A 13 de Abril de 1973, por exemplo, comandos israelitas mataram três dos seus principais colaboradores em Beirute, sem o encontrarem.

Estava "milagrosamente algures", explicaram colaboradores próximos.

A 01 de Outubro de 1985, o seu quartel-general em Tunes foi quase totalmente destruído pela aviação israelita.

Arafat, a caminho do seu gabinete, dera "meia volta" momentos antes do início do ataque aéreo.

Em Abril de 1992, o seu avião despenhou-se no deserto líbio durante uma tempestade de areia.

Arafat foi o único sobrevivente do acidente.

Mohammad Abdel Rauf Arafat al-Qudwa al-Husseini nasceu no Cairo a 04 de Agosto de 1929, sendo o sexto de sete filhos de uma família palestiniana abastada.

Com 17 anos juntou-se aos grupos armados palestinianos, que lutavam contra a criação de um Estado judeu na Palestina, então sob mandato britânico, participando nos combates de 1947-48 entre judeus e árabes e, depois, na guerra de 1948, que se seguiu à criação do Estado de Israel.

Desalentado com a vitória israelita, Arafat regressou à Universidade do Cairo para estudar engenharia civil.

Nesses anos foi-se envolvendo cada vez mais nos meios políticos palestinianos.

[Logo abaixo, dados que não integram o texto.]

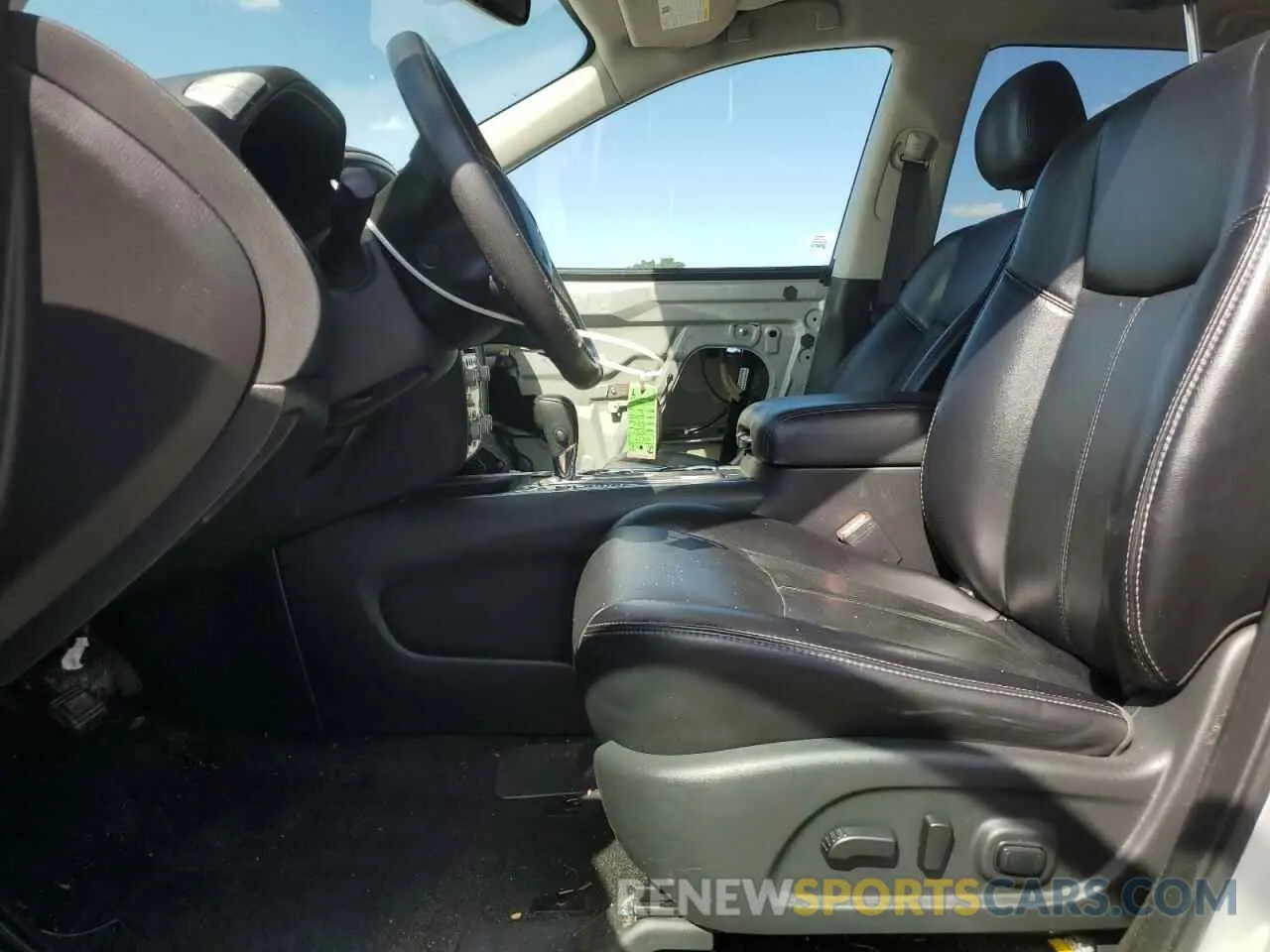 7 Photograph of a damaged car 5N1DR2CN2LC602486 NISSAN PATHFINDER 2020
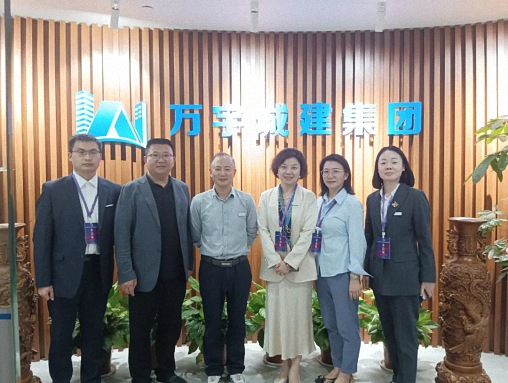 【中心動態】EDP中心齊玲博主任一行赴上饒參加江西財經大學上饒校友會成立大會并走訪當地校友企業485.jpg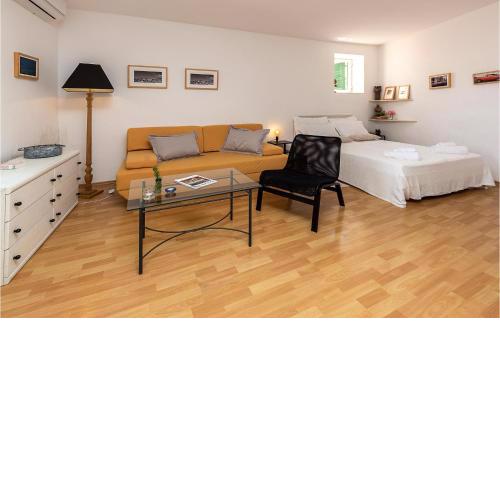 Beautiful Apartment In Rovinj With Kitchen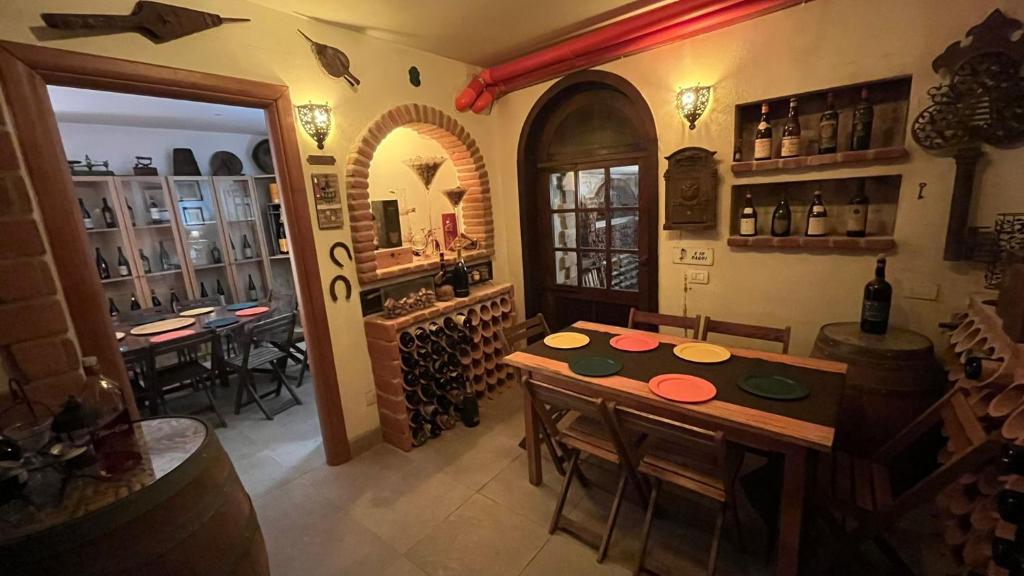 een proefruimte met een tafel en enkele wijnflessen bij Villa Roma Open Space - Location per eventi 2 piscine riscaldate - in Rome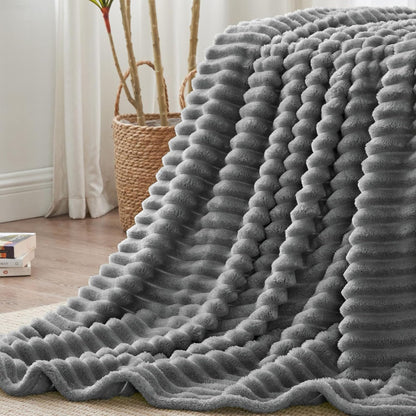 CloudHug™ Oversized Blanket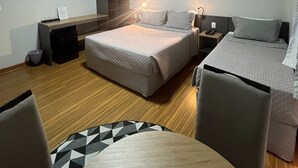 Una habitación de hotel moderna con una cama grande, un escritorio y una silla.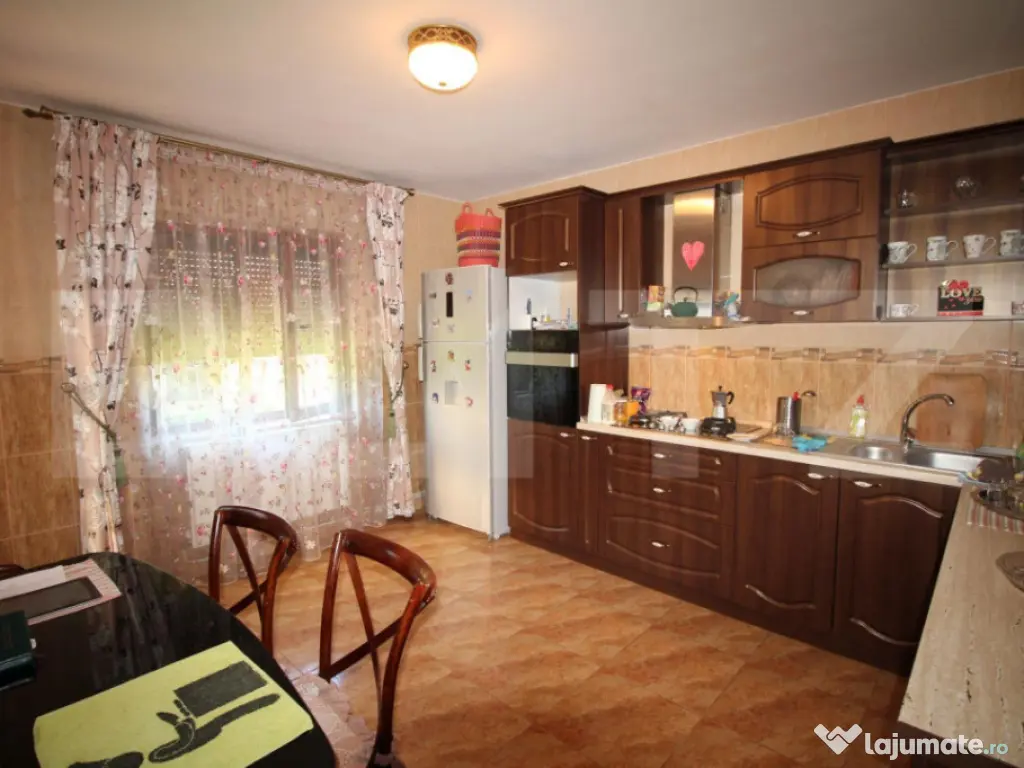 Casa 5 camere + Garaj, anexa si 650 mp - Valea Adanca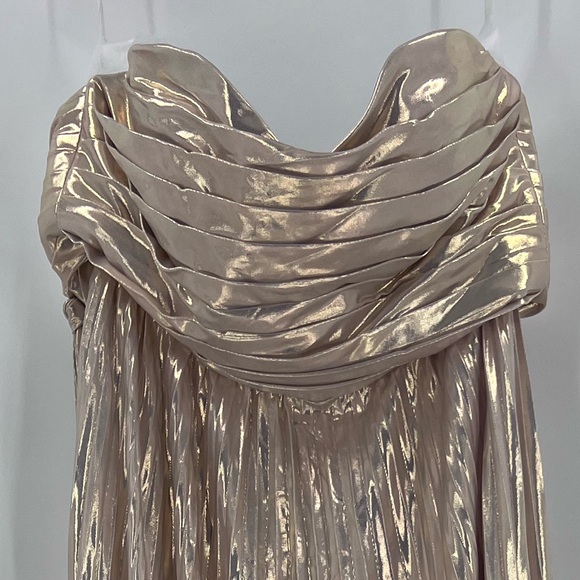 Amazon dress pleated size 8 shimmering metallic lamé fabric - Picture 7 of 9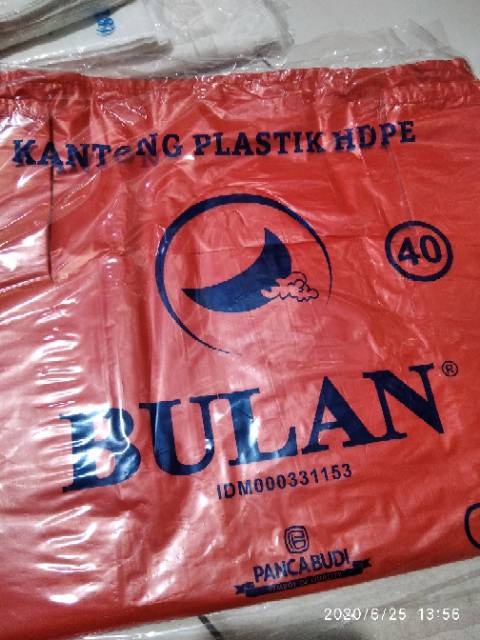 Kantong plastik kresek merah merk Bulan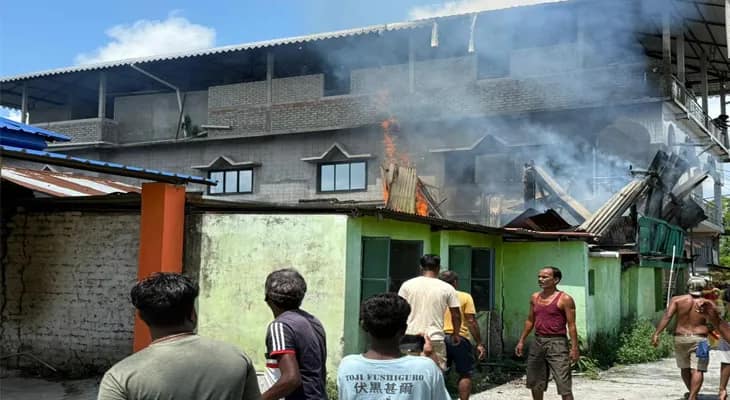 বানারহাট ব্লকের লক্ষ্মীপাড়া চাবাগানে প্রাক্তন কেন্দ্রীয় মন্ত্রী তথা তৃণমূল নেতা জন বারলার বাসভবনে অগ্নিকাণ্ড, ঘটনাস্থলে পৌঁছেছে দমকল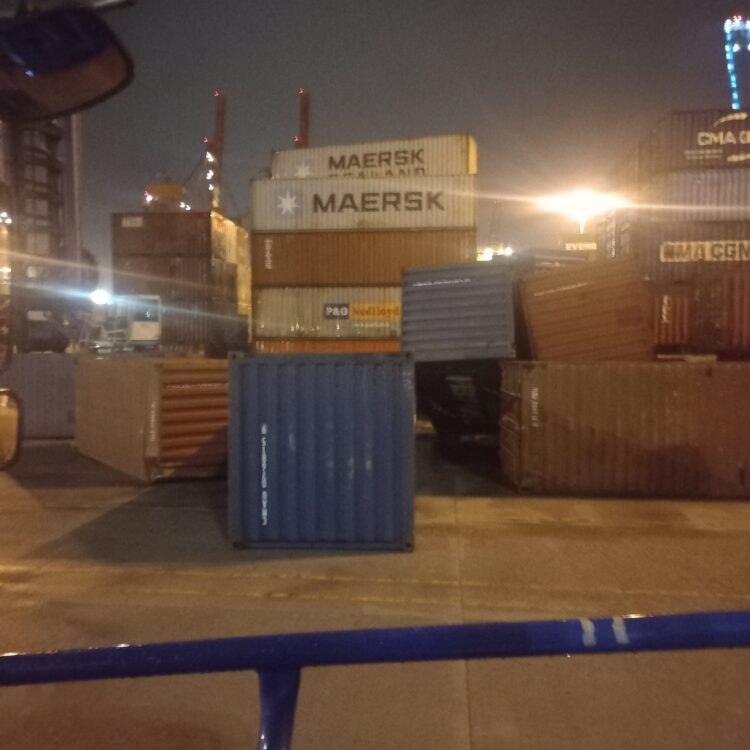 «Εβρεξε» πάλι κοντέινερς στον Πειραιά, ένας τραυματίας – Η ΕΝΕΔΕΠ καταγγέλλει COSCO-Dport (φωτο)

Convencido de que a luta contra Israel devia ser assumida pelos próprios palestinianos, sem excessiva confiança na solidariedade dos Estados árabes, fundou em 1957 no Kuwait o movimento Al Fatah, juntamente com Jalil al-Wazir e Salah Jalaf.

O Fatah celebrou o seu congresso constitutivo no Kuwait em Outubro de 1959 e, nesse mesmo ano, Arafat viajou para Beirute para se juntar à família.

Em Fevereiro de 1969, foi eleito presidente do Comité Executivo da Organização de Libertação da Palestina (OLP).

A partir de então, tornou-se conhecido na cena internacional, pelo keffieh branco e preto e o uniforme verde-azeitona.

Expulso da Jordânia, em 1970, e do Líbano, em 1982, na sequência de insistentes pressões israelitas e norte-americanas para acabar com os ataques palestinianos contra Israel lançados daqueles países, Arafat exilou-se na Tunísia.

Na sequência da sua renúncia à opção militar e do desencadear em 1987 da primeira Intifada, que inspirou e controlou, optou por negociações com Israel.

Em Julho de 1994, menos de um ano depois da assinatura dos acordos de Oslo, Arafat fez um regresso triunfal aos territórios palestinianos.

O seu sonho, disse sempre, era regressar ao sector árabe de Jerusalém, anexado em 1967 por Israel, e rezar na mesquita de al-Aqsa, terceiro lugar santo do Islão.

Muçulmano sunita, Arafat casou-se em segredo em 1992 com a sua jovem assistente, Suha Tawill, filha de uma abastada família cristã de Ramallah, que se converteu ao islamismo semanas depois do casamento.

Em 1995, o casal teve uma filha, Zahwa, actualmente com 9 anos, que vive em Paris com a mãe desde 2001.